(INFORMATION SUPPLIED Opens)

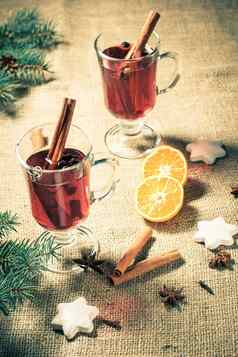 玻璃圣诞节加香料的热酒香料橙色饼干麻布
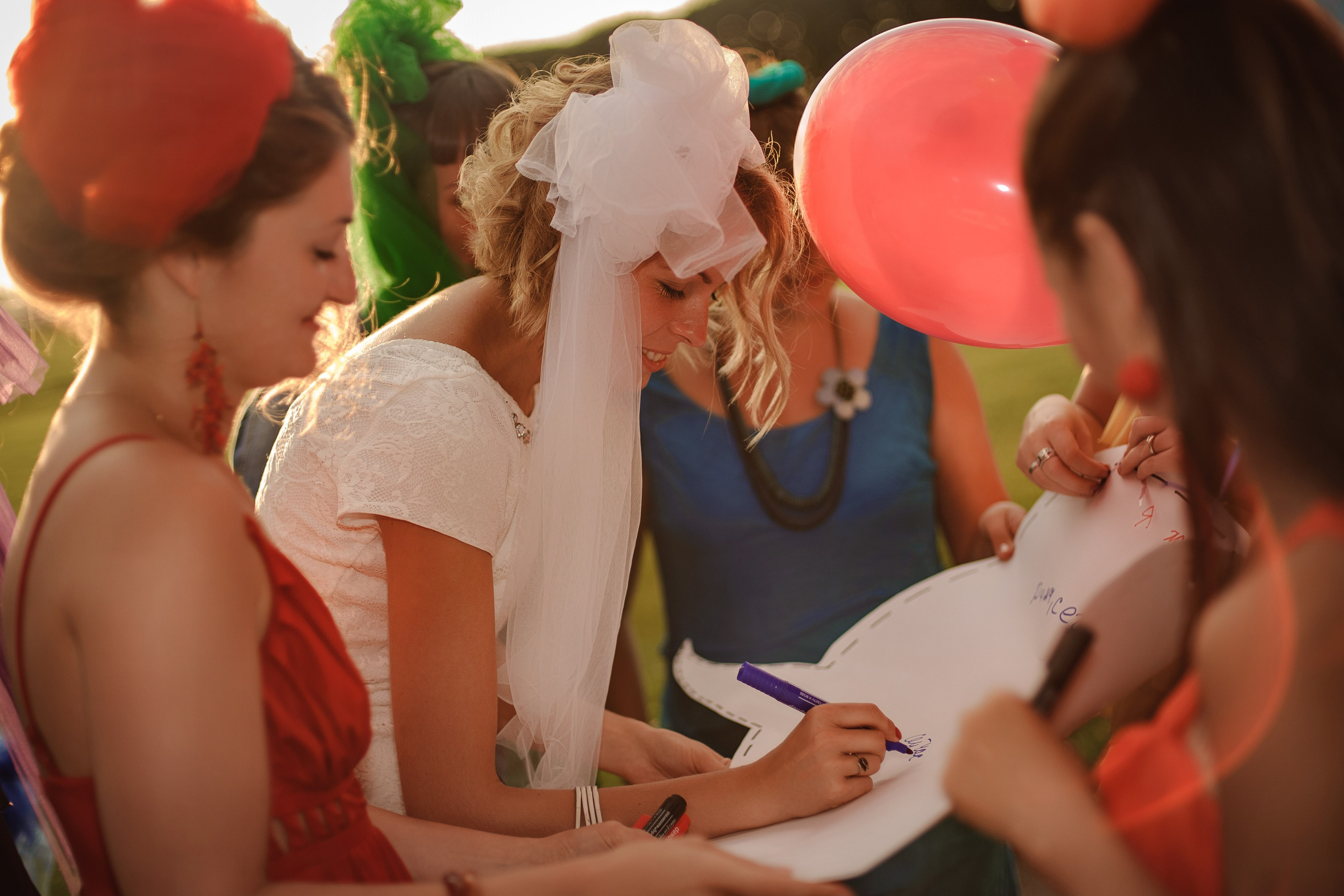 Услуги и цены фотографа в СПб. Стоимость фотосъёмки в Санкт-Петербурге. Фотограф на свадьбу, корпоратив, юбилей, мероприятие, в загс цена. Фотограф Алексей Лукин. Свадьба, мероприятие, корпоратив, юбилей, фотосессия, портрет. Фотосъёмка в Санкт-Петербурге. Ретушь фотографий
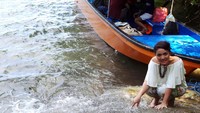 Wisatawan bisa bermain air di Air Terjun Arawai. Selain dingin dan segar, Air Terjun Arawai bisa langsung diminum karena sumbernya dari mata air pegunungan. Jadi traveler tidak perlu takut (Wahyu/detikTravel)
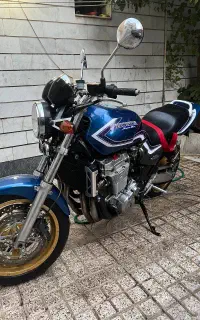 cb1300  مدل۲۰۰۲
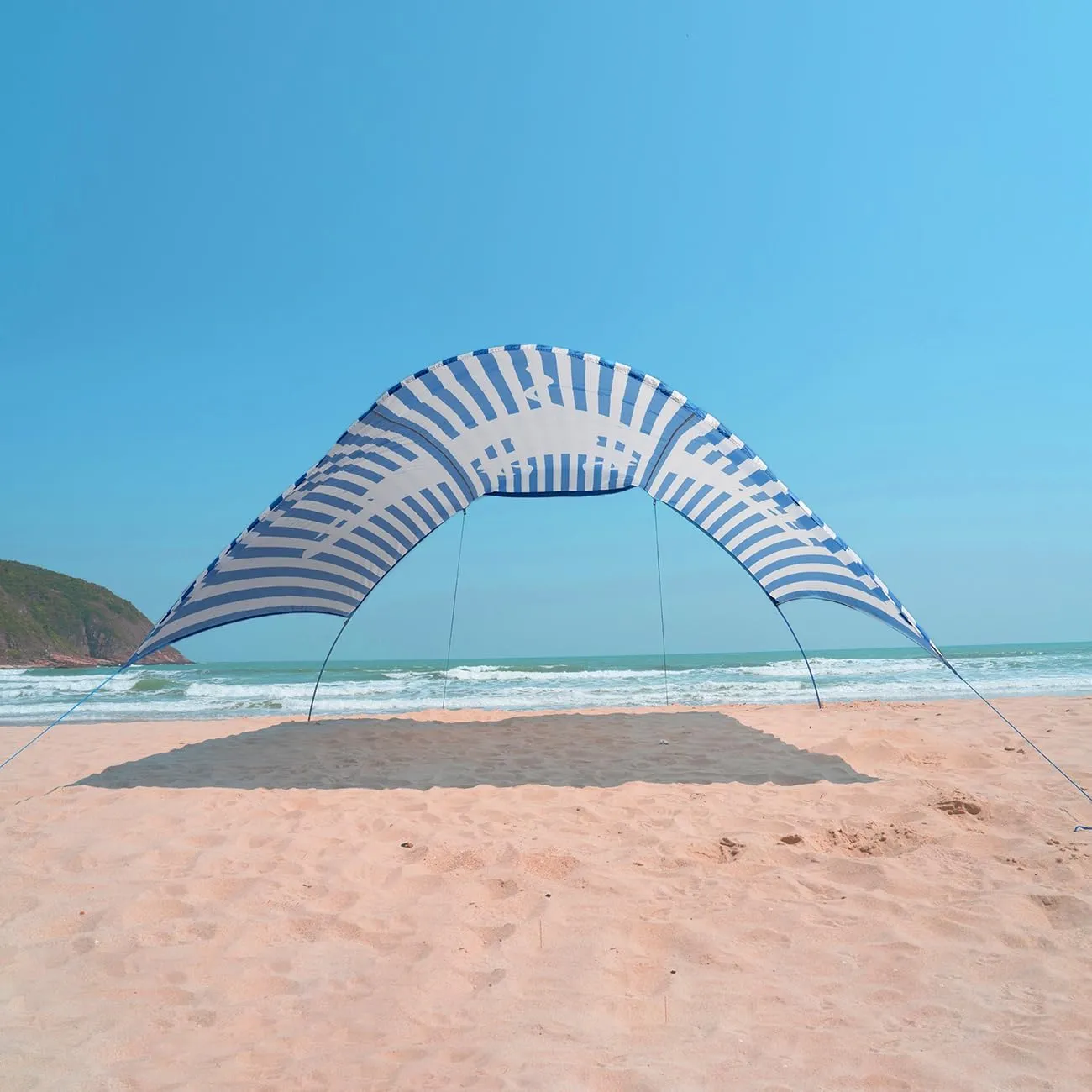 Beach Wind Shade Canopy, Shade Sun Shelter Tent for Beach, Backyard, Grassland, Park, Light Weight, Easy Set Up, 150 Sq. Ft. of Shade for 3-6 People, Regatta Big Manta Rays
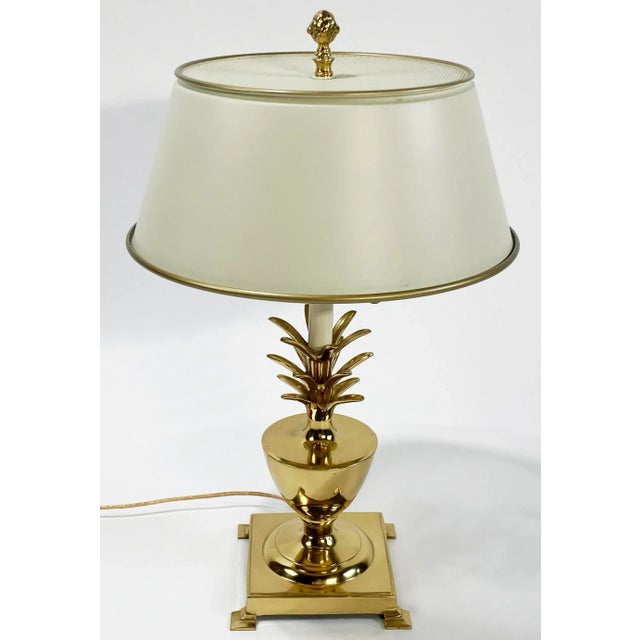 Chinoiserie Vintage Bombay Brass Pineapple Table Lamp W Tole Shade For Sale - Image 3 of 13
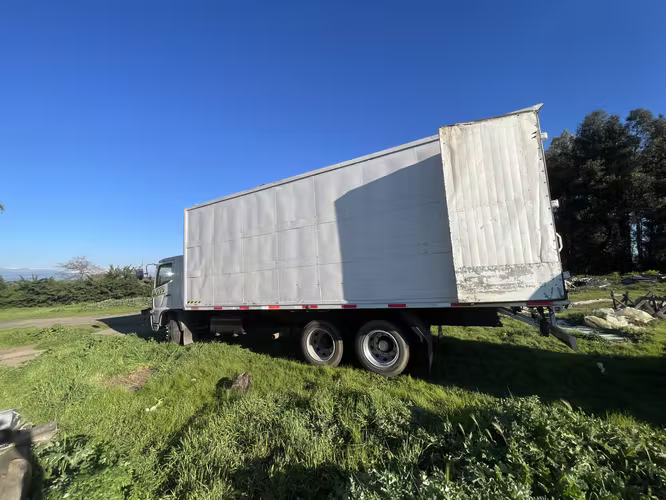 Hino 500 frigorífico/refrigerado, 24 bins, Doble puente 6x2.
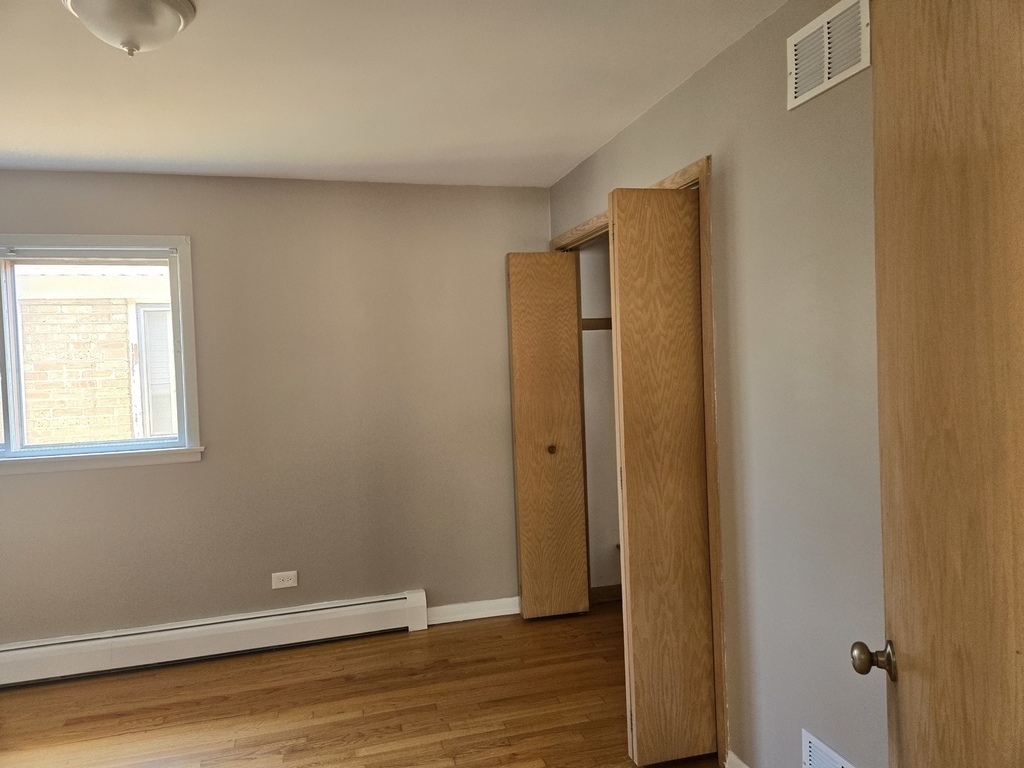 5454 W Schubert Avenue - Photo 3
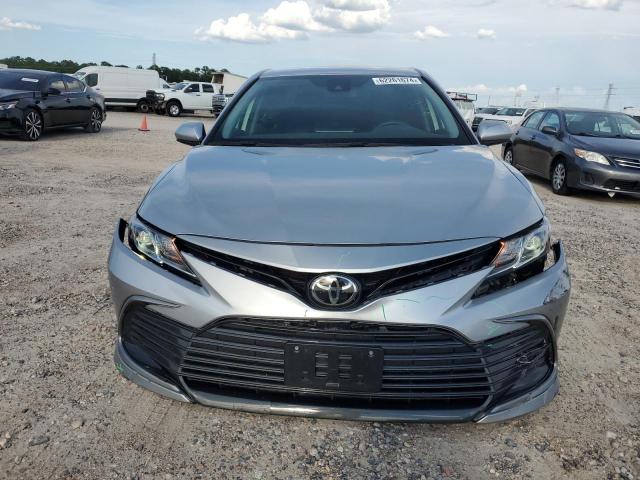 VIN 4T1C11AK2NU653621 2022 Toyota Camry, LE no.5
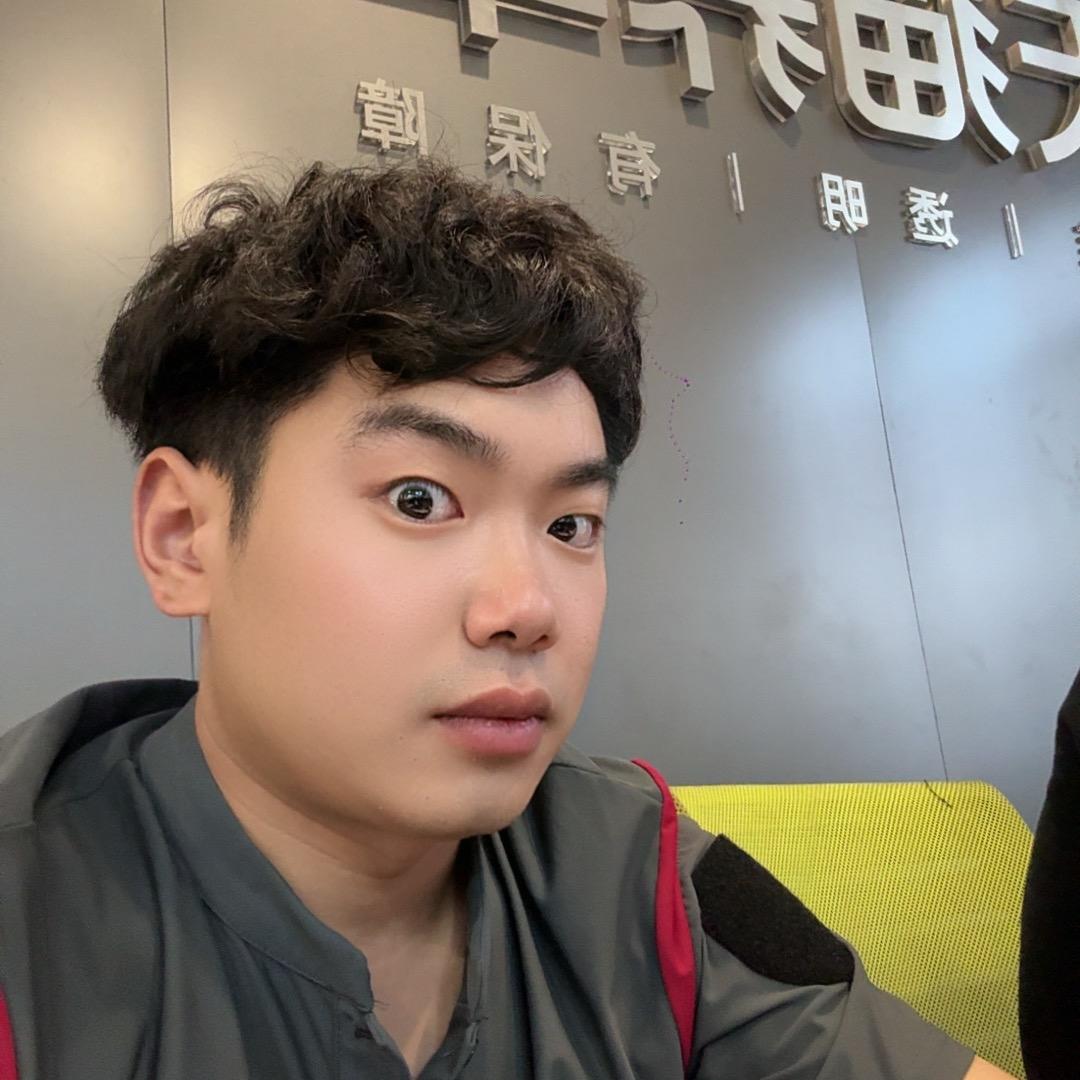 天猫养车春申路店何有光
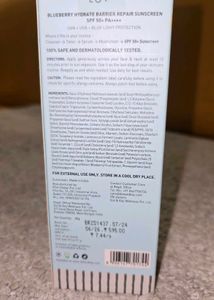 Dot &amp; Key Blueberry Sunscreen SPF 50+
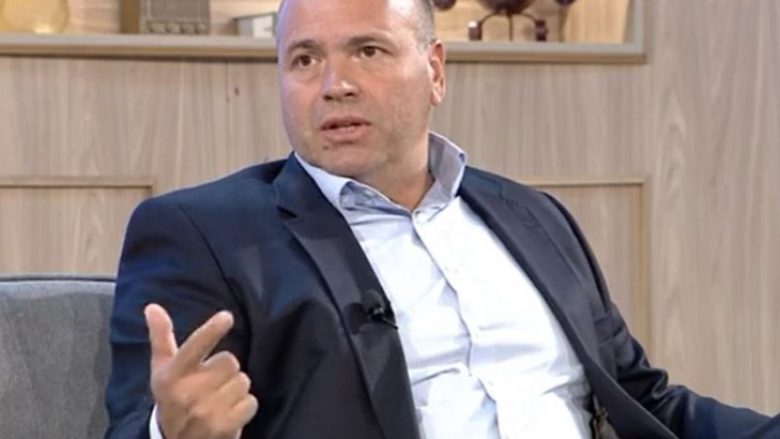 Dimitrievski: Me hapjen e klubeve bullgare në Maqedoni, fashizmi rimishërohet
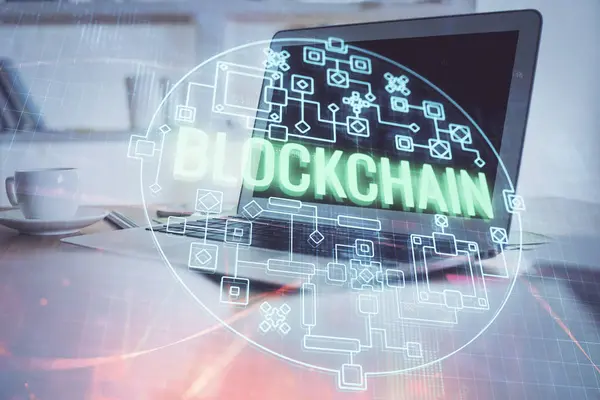 Blockchain temalı holograma ve bilgisayar arkaplanlı masaya çoklu maruz kalma. Bitcoin şifreleme para birimi kavramı. — Stok fotoğraf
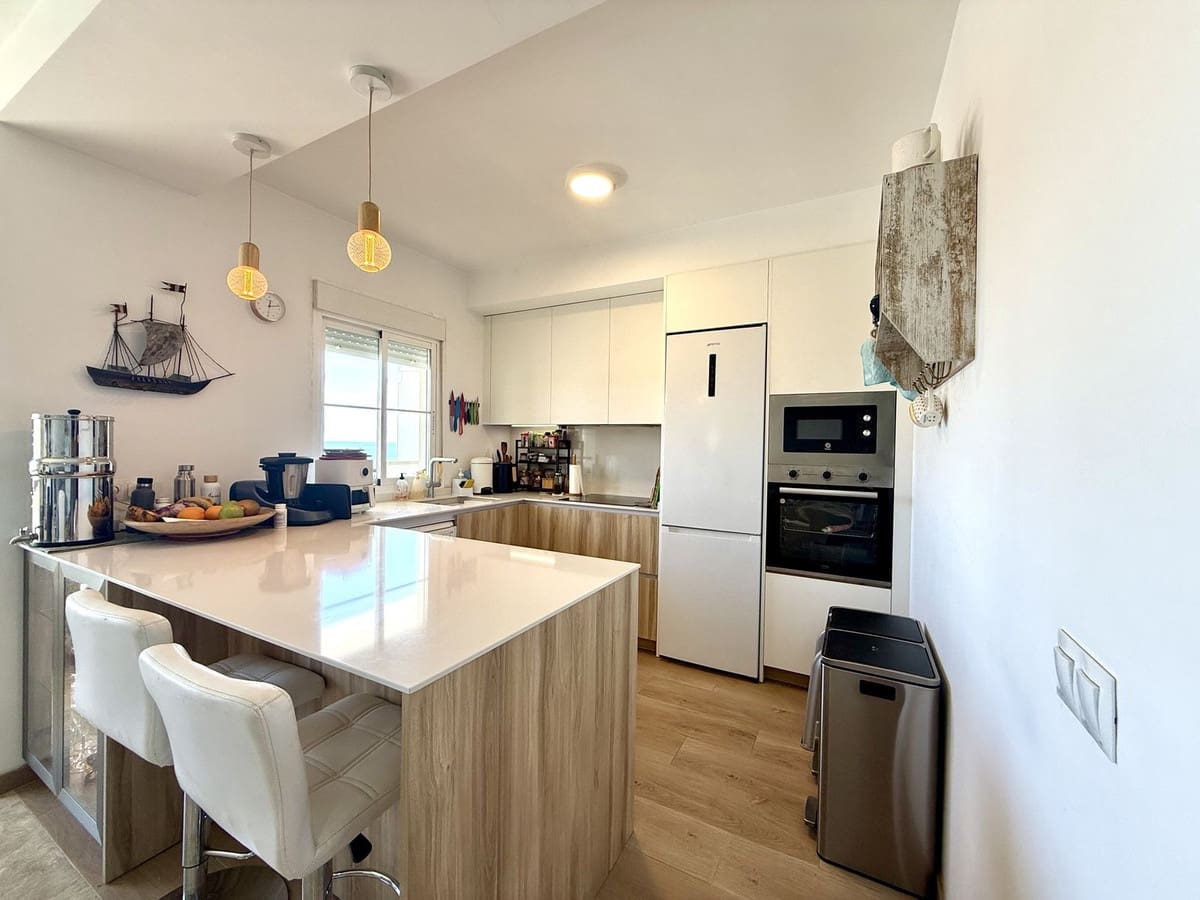 3 soveværelse Lejlighed til salg i Estepona - € 495.000 (Ref: 9974112)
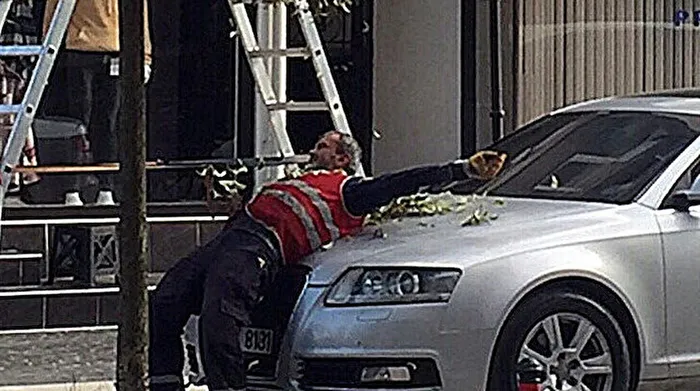 Düzce'den yürek ısıtan haber: Belediye görevlisi vatandaşın otomobili zarar görmesin diye siper oldu - 1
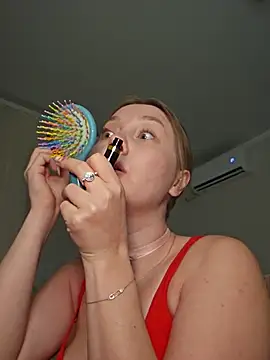 Snapshot of ooopsitscandy chatting on August 7, 2026, 6:10 pm ooopsitscandy online show from August 7, 2026, 6:10 pm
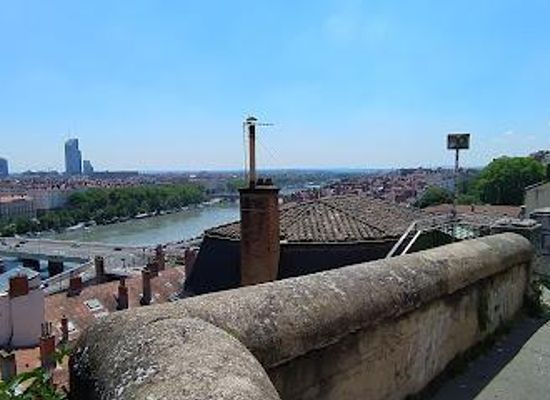 france/lyon/attraction/la-croix-rousse
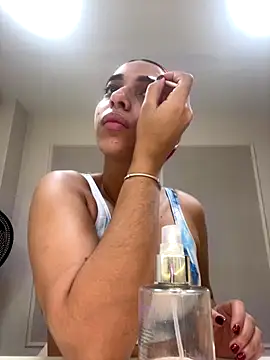 Snapshot of theladymonserrateshow chatting on 12.02.25 theladymonserrateshow online show from 12.02.25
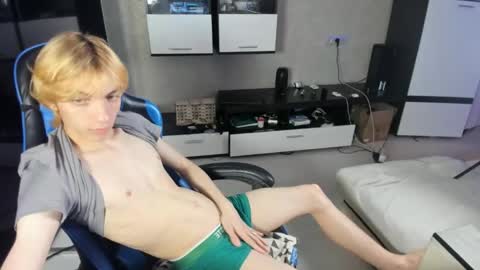 Snapshot of cute_grecha chatting on 06/04/26, 05:30 Grisha online show from 06/04/26, 05:30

(INFORMATION SUPPLIED Closes)

» INSTRUCTIONS TO FOLLOW: The answer must be an exact copy of the lines above, from the start of the records through the line with "Dimitrievski: Me hapjen", and of nothing else; no pictures belong in it.

» SOLUTION TO THIS EXERCISE:
 玻璃圣诞节加香料的热酒香料橙色饼干麻布
 Услуги и цены фотографа в СПб. Стоимость фотосъёмки в Санкт-Петербурге. Фотограф на свадьбу, корпоратив, юбилей, мероприятие, в загс цена. Фотограф Алексей Лукин. Свадьба, мероприятие, корпоратив, юбилей, фотосессия, портрет. Фотосъёмка в Санкт-Петербурге. Ретушь фотографий
 Wisatawan bisa bermain air di Air Terjun Arawai. Selain dingin dan segar, Air Terjun Arawai bisa langsung diminum karena sumbernya dari mata air pegunungan. Jadi traveler tidak perlu takut (Wahyu/detikTravel)
 cb1300  مدل۲۰۰۲
 Beach Wind Shade Canopy, Shade Sun Shelter Tent for Beach, Backyard, Grassland, Park, Light Weight, Easy Set Up, 150 Sq. Ft. of Shade for 3-6 People, Regatta Big Manta Rays
 Chinoiserie Vintage Bombay Brass Pineapple Table Lamp W Tole Shade For Sale - Image 3 of 13
 Hino 500 frigorífico/refrigerado, 24 bins, Doble puente 6x2.
 5454 W Schubert Avenue - Photo 3
 VIN 4T1C11AK2NU653621 2022 Toyota Camry, LE no.5
 天猫养车春申路店何有光
 Dot &amp; Key Blueberry Sunscreen SPF 50+
 Dimitrievski: Me hapjen e klubeve bullgare në Maqedoni, fashizmi rimishërohet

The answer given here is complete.